◆ **DATA**:

────────────────────────────────────────

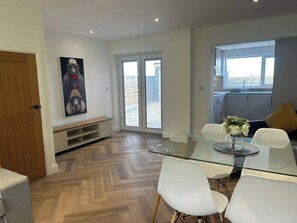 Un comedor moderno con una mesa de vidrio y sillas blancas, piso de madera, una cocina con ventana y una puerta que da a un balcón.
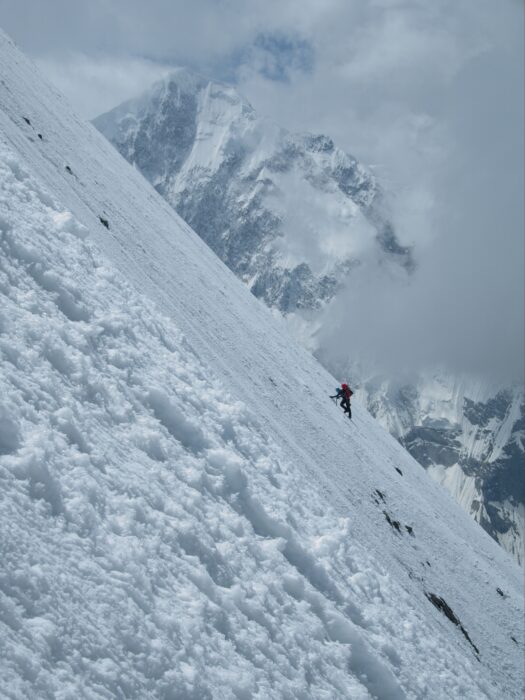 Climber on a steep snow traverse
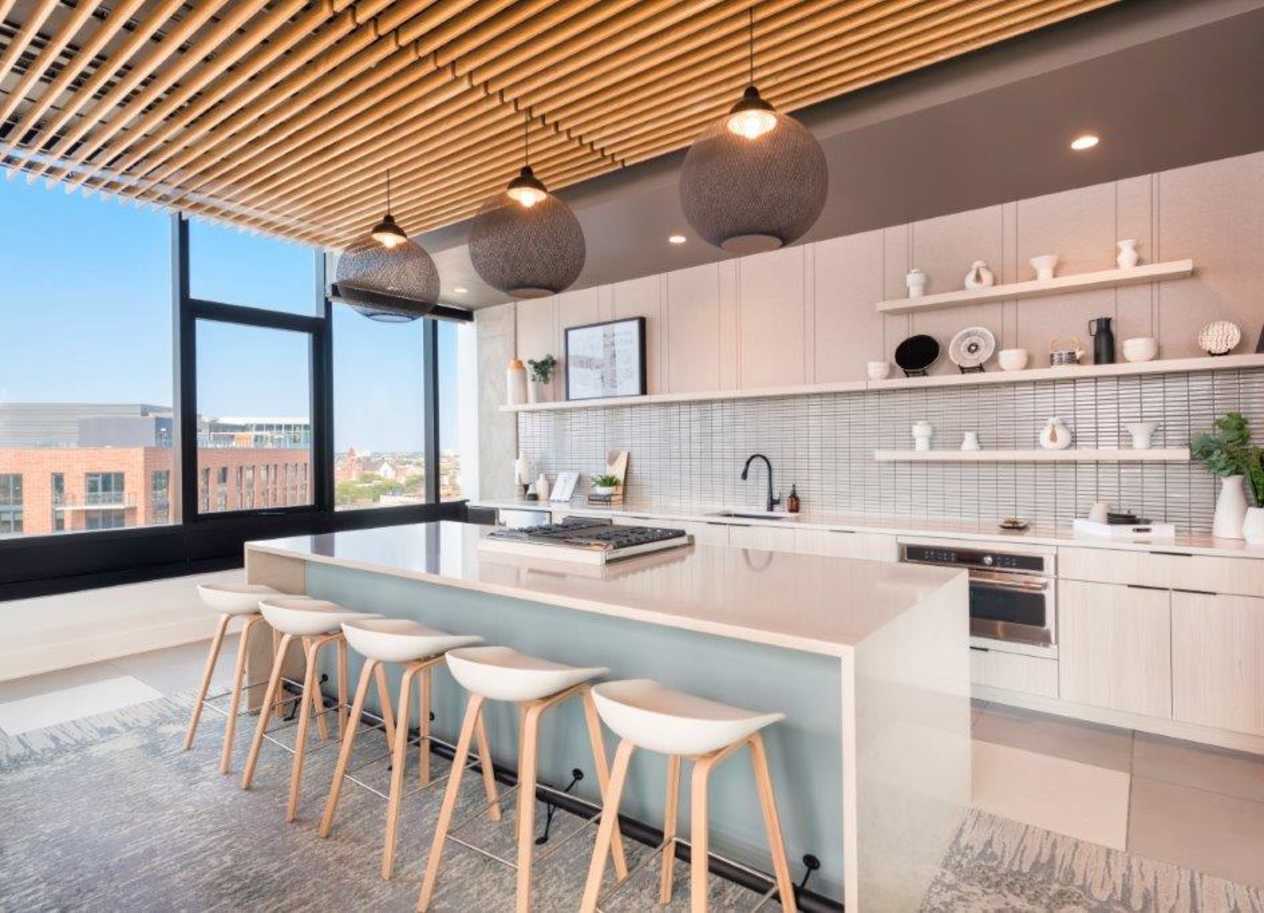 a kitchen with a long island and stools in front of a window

────────────────────────────────────────

◆ **WORK ITEM**:
An exact copy of the data above is required, printed without its pictures.

◆ **EXERCISE RESULT**:
 Un comedor moderno con una mesa de vidrio y sillas blancas, piso de madera, una cocina con ventana y una puerta que da a un balcón.
 Climber on a steep snow traverse
 a kitchen with a long island and stools in front of a window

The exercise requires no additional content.